We can see from the model output that the best performing model is when k = 11 and we obtained an accuracy of 84% with this k value. In the rest of the chapter, while experimenting with several ensembling techniques, we will check if this 84% accuracy obtained from KNN will get beaten at all.
In a realistic project-building situation, just identifying the best hyperparameters is not enough. A model needs to be trained on a full dataset with the best hyperparameters and the model needs to be saved for future use. We will review these steps in the rest of this section.
In this case, the caretmodel object already has the trained model with k = 11, therefore we do not attempt to retrain the model with the best hyperparameter. To check the final model, you can query the model object with the code:
caretmodel$finalModel
This will result in the following output:
11-nearest neighbor model
Training set outcome distribution:
No Yes
1233 237
The next step is to save your best models to a file so that we can load them up later and make predictions on unseen data. A model can be saved to a local directory using the saveRDS R command:
# save the model to disk
saveRDS(caretmodel, "production_model.rds")
In this case, the caretmodel is saved as production_model.rds in the working directory. The model is now serialized as a file that can be loaded anytime and it can be used to score unseen data. Loading and scoring can be achieved through the following R code:
# Set the working directory to the directory where the saved .rds file is located
setwd("~/Desktop/chapter 15")
#Load the model
loaded_model <- readRDS("production_model.rds")
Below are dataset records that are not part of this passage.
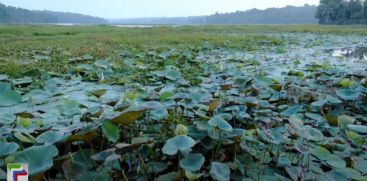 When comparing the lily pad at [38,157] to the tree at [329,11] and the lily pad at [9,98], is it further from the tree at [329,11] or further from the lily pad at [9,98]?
the tree at [329,11]

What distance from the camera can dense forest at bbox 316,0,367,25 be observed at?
122ft

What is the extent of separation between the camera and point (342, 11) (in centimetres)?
3900

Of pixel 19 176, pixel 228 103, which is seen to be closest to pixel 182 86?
pixel 228 103

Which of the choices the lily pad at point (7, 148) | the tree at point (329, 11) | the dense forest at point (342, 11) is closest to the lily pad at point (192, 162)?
the lily pad at point (7, 148)

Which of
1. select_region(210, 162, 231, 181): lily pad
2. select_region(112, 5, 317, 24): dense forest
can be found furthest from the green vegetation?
select_region(112, 5, 317, 24): dense forest

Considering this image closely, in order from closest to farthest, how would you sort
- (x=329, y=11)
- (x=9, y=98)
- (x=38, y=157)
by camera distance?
(x=38, y=157) → (x=9, y=98) → (x=329, y=11)

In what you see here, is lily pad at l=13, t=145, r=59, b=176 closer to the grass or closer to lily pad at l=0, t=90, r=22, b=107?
lily pad at l=0, t=90, r=22, b=107

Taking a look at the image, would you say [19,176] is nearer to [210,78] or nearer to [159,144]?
[159,144]

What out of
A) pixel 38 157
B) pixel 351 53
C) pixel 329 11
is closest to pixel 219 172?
pixel 38 157

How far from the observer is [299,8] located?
9100 centimetres

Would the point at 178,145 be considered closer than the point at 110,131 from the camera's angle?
Yes

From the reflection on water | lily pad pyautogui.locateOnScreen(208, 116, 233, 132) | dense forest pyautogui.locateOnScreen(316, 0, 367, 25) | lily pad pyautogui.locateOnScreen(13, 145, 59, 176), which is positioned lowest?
the reflection on water

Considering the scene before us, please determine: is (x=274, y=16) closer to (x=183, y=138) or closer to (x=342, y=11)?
(x=342, y=11)

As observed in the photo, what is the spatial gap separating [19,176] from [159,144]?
729 millimetres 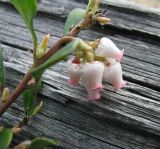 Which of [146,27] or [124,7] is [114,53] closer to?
[146,27]

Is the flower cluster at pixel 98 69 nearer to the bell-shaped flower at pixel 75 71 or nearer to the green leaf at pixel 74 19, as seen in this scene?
the bell-shaped flower at pixel 75 71

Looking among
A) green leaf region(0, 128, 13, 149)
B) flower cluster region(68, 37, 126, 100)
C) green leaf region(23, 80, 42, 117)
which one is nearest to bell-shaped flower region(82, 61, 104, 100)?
flower cluster region(68, 37, 126, 100)

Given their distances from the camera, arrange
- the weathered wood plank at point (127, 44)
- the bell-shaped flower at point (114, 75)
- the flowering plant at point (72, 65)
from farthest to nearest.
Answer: the weathered wood plank at point (127, 44)
the bell-shaped flower at point (114, 75)
the flowering plant at point (72, 65)

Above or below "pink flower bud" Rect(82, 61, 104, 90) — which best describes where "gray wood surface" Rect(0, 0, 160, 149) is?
below

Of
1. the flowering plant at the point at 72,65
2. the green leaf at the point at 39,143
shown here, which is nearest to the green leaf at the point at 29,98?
the flowering plant at the point at 72,65

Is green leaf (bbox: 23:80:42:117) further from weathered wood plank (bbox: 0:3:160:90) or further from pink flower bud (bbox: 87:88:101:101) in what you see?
weathered wood plank (bbox: 0:3:160:90)

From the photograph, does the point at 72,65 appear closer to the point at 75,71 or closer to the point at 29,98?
the point at 75,71

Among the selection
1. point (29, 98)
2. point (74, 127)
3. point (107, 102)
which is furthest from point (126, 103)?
point (29, 98) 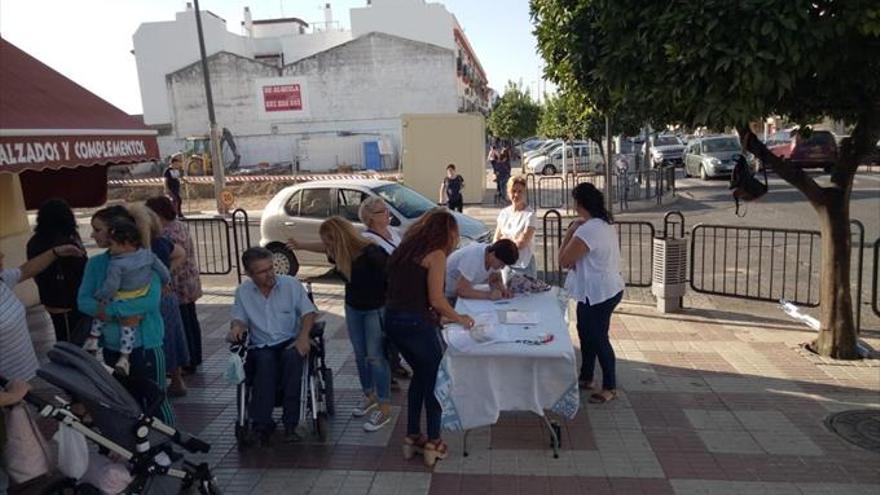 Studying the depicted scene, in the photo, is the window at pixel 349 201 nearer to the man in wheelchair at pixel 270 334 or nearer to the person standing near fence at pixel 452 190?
the person standing near fence at pixel 452 190

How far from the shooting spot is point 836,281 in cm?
609

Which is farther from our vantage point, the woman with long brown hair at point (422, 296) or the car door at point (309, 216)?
the car door at point (309, 216)

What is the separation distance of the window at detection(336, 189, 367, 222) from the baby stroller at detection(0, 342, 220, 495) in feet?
22.4

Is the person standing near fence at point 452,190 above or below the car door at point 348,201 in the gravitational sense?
below

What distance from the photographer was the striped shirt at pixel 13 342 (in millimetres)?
3814

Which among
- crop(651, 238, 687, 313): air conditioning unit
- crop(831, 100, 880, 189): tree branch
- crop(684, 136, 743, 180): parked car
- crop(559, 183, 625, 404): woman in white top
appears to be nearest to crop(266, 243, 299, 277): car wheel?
crop(651, 238, 687, 313): air conditioning unit

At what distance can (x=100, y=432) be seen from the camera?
370cm

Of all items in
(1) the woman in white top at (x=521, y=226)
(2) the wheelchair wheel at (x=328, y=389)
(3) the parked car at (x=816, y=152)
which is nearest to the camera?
(2) the wheelchair wheel at (x=328, y=389)

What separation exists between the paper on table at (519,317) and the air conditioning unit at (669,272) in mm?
3638

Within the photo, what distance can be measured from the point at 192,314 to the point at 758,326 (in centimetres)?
603

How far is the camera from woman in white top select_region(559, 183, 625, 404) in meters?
5.05

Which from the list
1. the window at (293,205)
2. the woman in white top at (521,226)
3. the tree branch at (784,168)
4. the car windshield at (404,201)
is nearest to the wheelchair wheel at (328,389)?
the woman in white top at (521,226)

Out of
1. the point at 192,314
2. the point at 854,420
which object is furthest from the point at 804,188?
the point at 192,314

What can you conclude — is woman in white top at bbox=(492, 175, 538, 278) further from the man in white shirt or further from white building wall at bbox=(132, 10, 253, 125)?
white building wall at bbox=(132, 10, 253, 125) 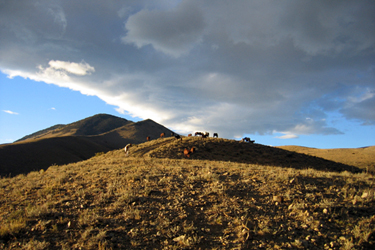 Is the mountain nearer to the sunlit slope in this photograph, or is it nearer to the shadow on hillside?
the sunlit slope

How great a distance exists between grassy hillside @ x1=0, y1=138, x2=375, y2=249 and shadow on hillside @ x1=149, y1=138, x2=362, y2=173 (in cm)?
1907

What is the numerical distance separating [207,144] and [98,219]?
3023 centimetres

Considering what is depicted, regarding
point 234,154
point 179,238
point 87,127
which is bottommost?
point 179,238

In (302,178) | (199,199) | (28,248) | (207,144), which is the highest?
(207,144)

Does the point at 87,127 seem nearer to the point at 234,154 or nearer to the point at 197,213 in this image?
the point at 234,154

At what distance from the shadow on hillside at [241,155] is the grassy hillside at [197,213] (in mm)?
19067

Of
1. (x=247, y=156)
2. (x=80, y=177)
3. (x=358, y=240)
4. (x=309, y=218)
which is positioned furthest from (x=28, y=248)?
(x=247, y=156)

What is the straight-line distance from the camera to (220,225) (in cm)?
653

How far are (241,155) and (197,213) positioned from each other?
26843mm

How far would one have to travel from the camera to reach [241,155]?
107 feet

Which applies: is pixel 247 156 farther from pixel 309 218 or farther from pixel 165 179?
pixel 309 218

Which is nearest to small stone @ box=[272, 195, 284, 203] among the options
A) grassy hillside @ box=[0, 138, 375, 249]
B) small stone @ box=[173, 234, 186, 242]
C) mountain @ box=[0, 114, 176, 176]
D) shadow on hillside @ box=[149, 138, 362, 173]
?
grassy hillside @ box=[0, 138, 375, 249]

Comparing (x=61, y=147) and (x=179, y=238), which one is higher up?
(x=61, y=147)

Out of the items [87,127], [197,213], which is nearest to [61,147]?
[197,213] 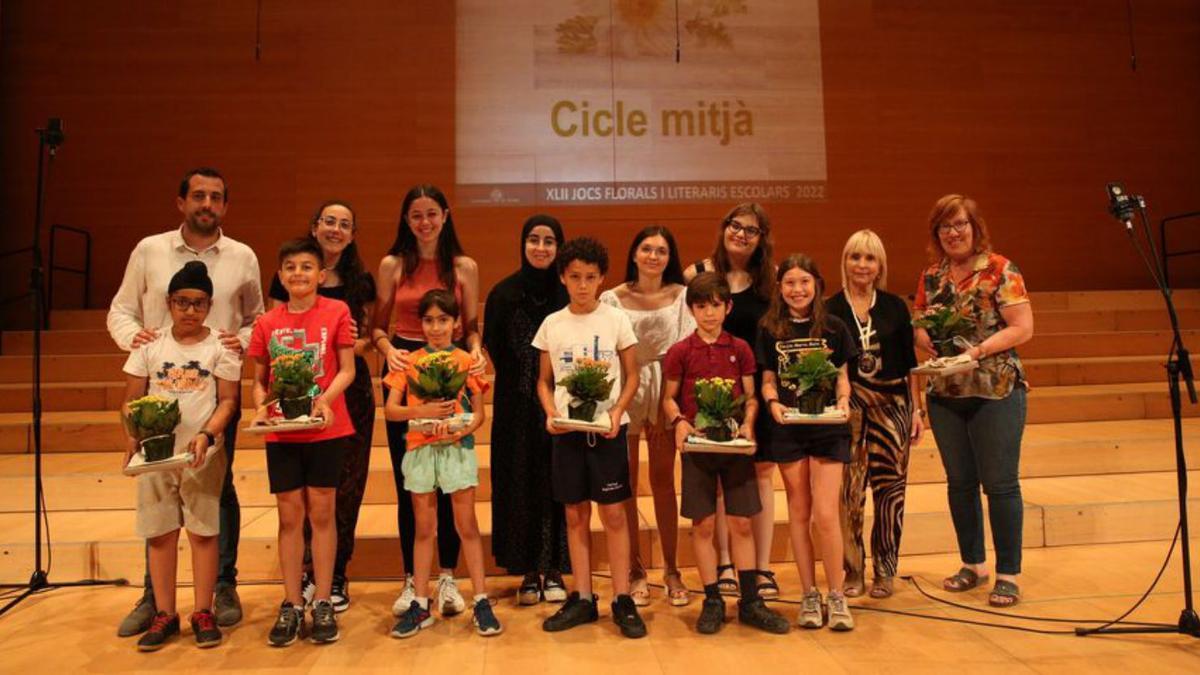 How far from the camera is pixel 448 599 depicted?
2740 mm

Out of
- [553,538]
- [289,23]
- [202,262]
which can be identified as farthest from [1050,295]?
[289,23]

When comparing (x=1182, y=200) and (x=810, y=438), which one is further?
(x=1182, y=200)

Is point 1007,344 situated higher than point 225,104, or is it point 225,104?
point 225,104

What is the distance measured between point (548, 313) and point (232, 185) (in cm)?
572

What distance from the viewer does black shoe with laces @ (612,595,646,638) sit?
2.51 metres

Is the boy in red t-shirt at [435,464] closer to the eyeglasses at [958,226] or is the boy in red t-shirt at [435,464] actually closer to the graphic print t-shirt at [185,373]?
the graphic print t-shirt at [185,373]

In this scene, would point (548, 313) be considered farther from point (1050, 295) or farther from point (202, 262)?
point (1050, 295)

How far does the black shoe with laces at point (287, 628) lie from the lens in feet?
8.14

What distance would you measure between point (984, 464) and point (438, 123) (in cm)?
615

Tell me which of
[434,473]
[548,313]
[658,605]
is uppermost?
[548,313]

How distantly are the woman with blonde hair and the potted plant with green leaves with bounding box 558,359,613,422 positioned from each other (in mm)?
1039

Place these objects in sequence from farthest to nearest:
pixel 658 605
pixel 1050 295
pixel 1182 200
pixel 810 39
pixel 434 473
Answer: pixel 1182 200, pixel 810 39, pixel 1050 295, pixel 658 605, pixel 434 473

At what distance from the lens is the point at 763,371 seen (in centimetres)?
272

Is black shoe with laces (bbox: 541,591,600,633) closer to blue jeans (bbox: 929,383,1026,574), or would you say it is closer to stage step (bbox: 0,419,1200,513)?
stage step (bbox: 0,419,1200,513) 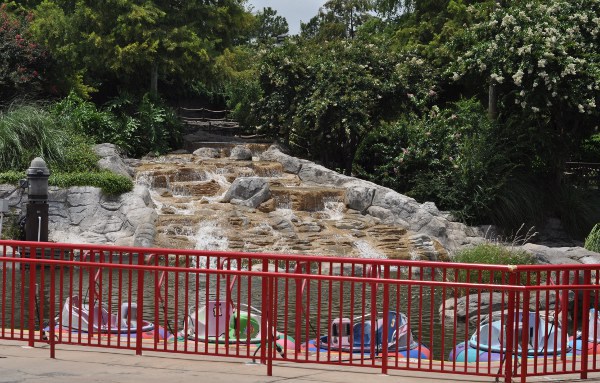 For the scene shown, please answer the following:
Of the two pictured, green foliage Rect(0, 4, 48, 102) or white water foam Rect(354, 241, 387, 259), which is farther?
green foliage Rect(0, 4, 48, 102)

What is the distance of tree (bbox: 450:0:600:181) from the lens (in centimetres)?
2581

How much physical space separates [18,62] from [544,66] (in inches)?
599

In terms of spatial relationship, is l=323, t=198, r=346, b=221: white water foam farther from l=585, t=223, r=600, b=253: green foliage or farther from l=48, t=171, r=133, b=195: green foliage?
l=585, t=223, r=600, b=253: green foliage

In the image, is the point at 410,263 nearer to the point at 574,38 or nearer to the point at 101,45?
the point at 574,38

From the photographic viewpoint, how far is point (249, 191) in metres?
24.5

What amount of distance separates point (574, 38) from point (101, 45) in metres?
13.9

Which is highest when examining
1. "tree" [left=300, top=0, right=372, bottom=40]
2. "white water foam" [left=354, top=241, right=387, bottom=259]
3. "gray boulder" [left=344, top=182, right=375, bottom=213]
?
"tree" [left=300, top=0, right=372, bottom=40]

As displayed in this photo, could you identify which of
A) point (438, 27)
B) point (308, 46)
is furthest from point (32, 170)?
point (438, 27)

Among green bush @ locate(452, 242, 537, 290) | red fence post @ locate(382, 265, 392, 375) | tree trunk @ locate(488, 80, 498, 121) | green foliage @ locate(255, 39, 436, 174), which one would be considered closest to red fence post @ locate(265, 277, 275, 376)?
red fence post @ locate(382, 265, 392, 375)

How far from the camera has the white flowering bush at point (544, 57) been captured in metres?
25.8

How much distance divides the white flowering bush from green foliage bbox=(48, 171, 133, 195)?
9.45 m

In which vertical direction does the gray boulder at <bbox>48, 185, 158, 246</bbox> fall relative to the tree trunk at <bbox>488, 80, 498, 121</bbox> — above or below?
below

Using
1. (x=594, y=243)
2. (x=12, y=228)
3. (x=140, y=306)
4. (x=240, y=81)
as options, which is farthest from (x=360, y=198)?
(x=140, y=306)

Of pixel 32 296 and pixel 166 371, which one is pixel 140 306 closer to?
pixel 166 371
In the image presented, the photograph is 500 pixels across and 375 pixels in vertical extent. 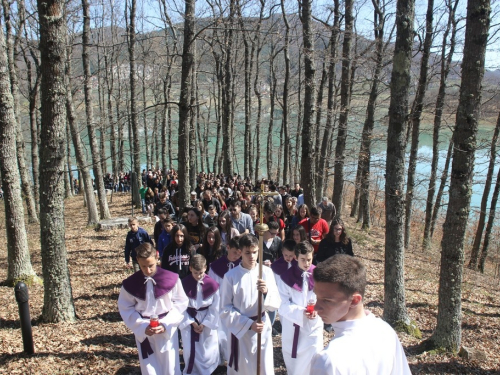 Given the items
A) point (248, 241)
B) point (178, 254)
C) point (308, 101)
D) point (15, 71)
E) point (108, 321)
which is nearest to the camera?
point (248, 241)

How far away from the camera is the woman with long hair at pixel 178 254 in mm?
6246

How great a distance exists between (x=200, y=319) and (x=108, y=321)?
2277 millimetres

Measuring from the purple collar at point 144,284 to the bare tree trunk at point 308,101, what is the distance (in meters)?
5.89

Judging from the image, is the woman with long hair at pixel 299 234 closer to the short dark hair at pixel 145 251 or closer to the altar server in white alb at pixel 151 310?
the altar server in white alb at pixel 151 310

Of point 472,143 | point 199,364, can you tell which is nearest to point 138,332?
point 199,364

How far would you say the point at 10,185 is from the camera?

#Using the loaded model to make predictions on unseen data
final_predictions <- predict(loaded_model, unseen_data)
The part of the code where the final model is trained on the entire dataset, saving the model, reloading it from the file whenever required and scoring the unseen data collectively, is termed as building an ML productionalization pipeline. This pipeline remains the same for all ML models irrespective of the fact that the model is built using one single algorithm or using an ensembling technique. Therefore, in the later sections when we implement the various ensembling techniques, we will not cover the productionalization pipeline but just stop at obtaining the performance measurement through 10-fold cross validation repeated 10 times.